Video Editing Tools for GNU/Linux
Kino
Kino is a non-linear DV editor for GNU/Linux. It features excellent integration with IEEE-1394 for capture, VTR control, and recording back to the camera. It captures video to disk in Raw DV and AVI format, in both type-1 DV and type-2 DV (separate audio stream) encodings.
LiVES
LiVES began in 2002 as the Linux Video Editing System. Since it now runs on more operating systems, LiVES is a Video Editing System. It is designed to be simple to use, yet powerful. It is small in size, yet it has many advanced features.
Mencoder (link to Gentoo HOWTO)
This howto intends to introduce to you some of the simple commands to use MPlayer’s MEncoder program to convert files from one format to another.
This is not meant to be an advanced or exhaustive guide. For in-depth details see man mencoder or the official documentation:
Transcode
Transcode is a suite of command line utilities for transcoding video and audio codecs, and for converting beween different container formats. Transcode can decode and encode many audio and video formats
Ffmpeg
Avidemux
Avidemux is very GUI oriented, because according to the original and primary programmer, when doing video tasks you need to see what you are doing. There is however a drawback that it requires a user presence.
The ultimate goal of Avidemux is to provide a nice GUI to help set up your processing task, and then save that job.
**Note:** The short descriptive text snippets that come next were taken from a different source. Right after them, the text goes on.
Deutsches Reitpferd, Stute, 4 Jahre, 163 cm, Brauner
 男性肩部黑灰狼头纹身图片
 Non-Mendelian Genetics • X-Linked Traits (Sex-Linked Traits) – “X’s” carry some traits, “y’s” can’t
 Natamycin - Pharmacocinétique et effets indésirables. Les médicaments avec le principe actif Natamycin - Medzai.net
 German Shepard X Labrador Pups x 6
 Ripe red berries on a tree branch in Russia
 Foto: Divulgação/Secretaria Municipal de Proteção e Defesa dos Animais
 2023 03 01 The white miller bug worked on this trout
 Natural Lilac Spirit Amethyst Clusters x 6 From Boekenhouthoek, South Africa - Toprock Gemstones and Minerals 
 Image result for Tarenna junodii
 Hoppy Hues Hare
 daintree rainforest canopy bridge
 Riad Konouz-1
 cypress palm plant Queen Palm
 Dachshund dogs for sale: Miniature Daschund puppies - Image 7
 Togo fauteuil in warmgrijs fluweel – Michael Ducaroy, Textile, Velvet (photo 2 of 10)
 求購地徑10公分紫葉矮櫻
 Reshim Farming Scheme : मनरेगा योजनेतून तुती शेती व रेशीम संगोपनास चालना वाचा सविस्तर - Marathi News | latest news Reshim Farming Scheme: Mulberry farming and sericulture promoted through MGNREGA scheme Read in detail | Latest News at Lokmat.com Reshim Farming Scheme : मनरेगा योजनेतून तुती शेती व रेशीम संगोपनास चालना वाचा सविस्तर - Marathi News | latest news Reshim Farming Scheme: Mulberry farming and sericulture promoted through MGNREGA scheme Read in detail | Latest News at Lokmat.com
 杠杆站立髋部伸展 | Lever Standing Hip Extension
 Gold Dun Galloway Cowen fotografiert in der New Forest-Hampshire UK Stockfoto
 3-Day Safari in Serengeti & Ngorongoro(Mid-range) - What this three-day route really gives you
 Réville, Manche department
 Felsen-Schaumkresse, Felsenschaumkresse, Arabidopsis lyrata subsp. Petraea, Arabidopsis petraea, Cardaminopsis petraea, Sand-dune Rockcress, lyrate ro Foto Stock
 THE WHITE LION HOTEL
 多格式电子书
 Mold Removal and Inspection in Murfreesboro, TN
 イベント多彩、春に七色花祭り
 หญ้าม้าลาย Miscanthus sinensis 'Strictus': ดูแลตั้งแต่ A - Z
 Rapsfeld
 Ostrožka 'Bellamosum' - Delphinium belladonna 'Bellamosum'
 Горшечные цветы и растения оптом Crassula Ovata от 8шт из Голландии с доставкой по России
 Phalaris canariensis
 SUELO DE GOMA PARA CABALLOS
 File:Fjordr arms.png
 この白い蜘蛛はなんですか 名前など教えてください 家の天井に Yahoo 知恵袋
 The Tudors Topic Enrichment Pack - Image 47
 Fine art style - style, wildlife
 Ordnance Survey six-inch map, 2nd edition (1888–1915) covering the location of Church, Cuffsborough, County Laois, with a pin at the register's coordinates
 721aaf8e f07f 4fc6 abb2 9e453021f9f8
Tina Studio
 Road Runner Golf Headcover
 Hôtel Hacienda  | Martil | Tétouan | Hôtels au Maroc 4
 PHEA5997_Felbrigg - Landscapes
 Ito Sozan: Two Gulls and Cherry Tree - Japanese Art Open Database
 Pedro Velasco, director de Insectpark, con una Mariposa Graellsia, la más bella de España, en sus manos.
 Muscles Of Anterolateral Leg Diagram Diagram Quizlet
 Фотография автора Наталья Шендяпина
After that, run Avidemux on these jobs and go watch a movie, take a nap, go have lunch.
PiTiVi
PiTiVi allows users to easily edit audio/video projects based on the GStreamer framework: Capture audio and video; mix, resize, cut, apply effects to audio/video sources; Render/Save the projects to any format supported by the GStreamer framework. PiTiVi is still in a very early stage of development, and contributions are much welcome.
I’m sure I missed some very worthwhile projects. Feel free to contribute in the comments.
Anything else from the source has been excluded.